Shew!  I'm exhausted just typing all that out.  I'm glad everyday isn't like that or I'd be a basket case!  Now I'm off to watch a movie with hubby.  The kids are holed up in my room watching sleeping beauty.  Have a blessed week :)

Saturday, July 20, 2013

Summer is finally here! Thank you Lord!

     It's been a crazy summer.  Rain was prolific at the end of June and early July.  We have finally had great and HOT weather this week.  We have been able to swim at my moms several times and it finally feels like summer!  Just when we are starting to enjoying it, we will begin our new homeschool year in a week.  Yikes!  I'm ready.  We have been off for about six weeks and it's time to get back in a groove.  I am finally back on track with my eating plan.  Coming off sugar completely was not fun, especially with my period coming this week.  My periods are the type that I am bed-ridden for a couple of days as my endometriosis flairs up.  Since I have been taking Vitex regularly, my periods are starting to even out.  I went from October-March with no period, then I had one in March, June and now July.  I think I may start to have them regularly if I keep up my Vitex routine.  I think exercising 3-5 times a week is helping as well.

     Tomorrow is homecoming at church.  Normally I plan to eat whatever I want at church dinners and deal with getting back on track the next day.  Tomorrow, I am planning on eating what I should and nothing else.  It's not worth the guilt and the physical pain from too much wheat and sugar that I will get by going off plan.  If I am going to cheat, it had better be an absolutely delicious meal. 

    Now that I'm back on track,  I'm calling it Round 2.  The first round was from January-May and I lost 23 lbs.  The last two months I have been off plan more than on, which resulted in gaining 5 lbs.  So this time around, I am planning on another 20 lbs by Christmas!  I will get this weight off me, even if it takes 3 years (which more than likely, it will). 

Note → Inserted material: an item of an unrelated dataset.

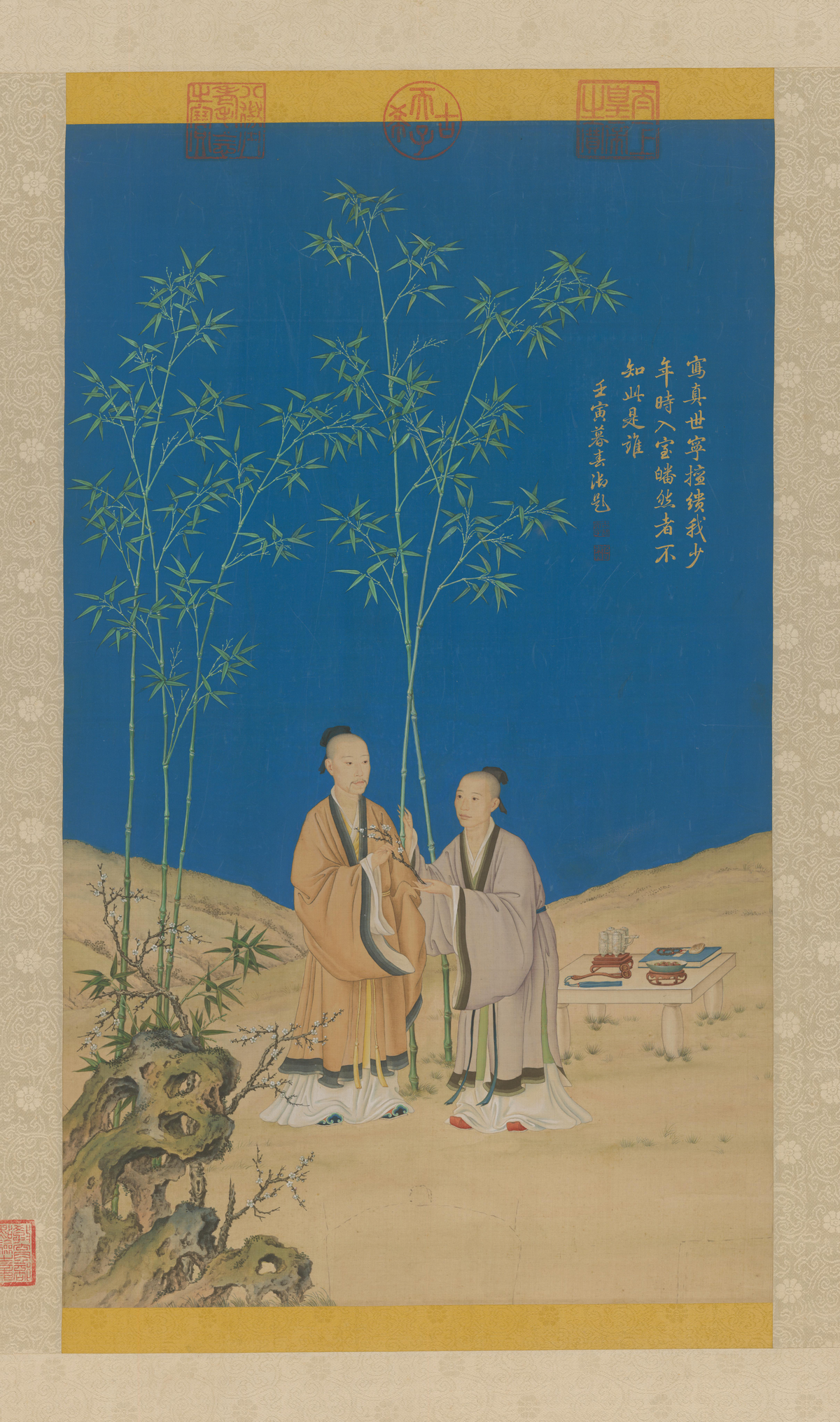 File:郎世宁平安春信图轴.png - Wikimedia Commons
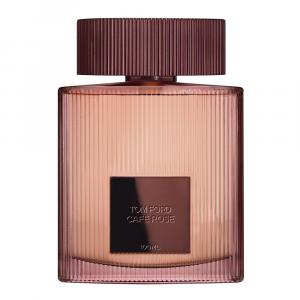 Tom Ford Cafe Rose woda perfumowana 100 ml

     I'm working on a post about adoption, but I'm not quite ready to post it.  Maybe in a week or two!




Friday, July 5, 2013

Am I sabotaging myself?

I've been doing THM for six months now.  I absolutely love eating gluten and sugar free.  I feel great when I stick with it.  But here lately, well two months to be exact, I have had the hardest time staying on plan.  I keep losing and gaining the same 5 lbs over and over and over.  It is frustrating to say the least.  I do well for a week or two and then BAM!  I go to a party, cook-out, church dinner, etc and get completely off track for a few days.  Then I get back on track and then WHAM!  I go on a date night and feel like treating myself and have a cheat meal and then the next morning feel horrible and eat off plan again and then it takes several days to get back on track again.

AM I PURPOSELY SABOTAGING MYSELF???

Some people have this insane ability that they can go to social functions and eat what they are supposed to and never have trouble and then lose 50 lbs in the same six months it has taken me to lose 20.

I would like to smack these people.  :)

Losing weight is HARD!  I have found a way that I am successful, I feel great, I am regaining my health, but I STILL am struggling.  There are times I have cried out to the Lord in frustration.  "Lord, am I going to be overweight for the rest of my life?"  "Why can't I stay on track?"  I am reminded that we live in a fallen world.  Life is not meant to be easy all the time.  I have an enemy who wants me to fail.  He would like me to stay in this frustrated state so that I am not useful to God.  I remind him that I have a Father who can!

I deserve to be healthy and happy.  I want to honor God and take care of the one body He gave me.  It's going to be a long, uphill battle to get this weight off me.  I WILL do it!  It won't be today, tomorrow or probably even by next spring, but I know that at some point in my future, I will be the Trim Healthy Mama that I want to be.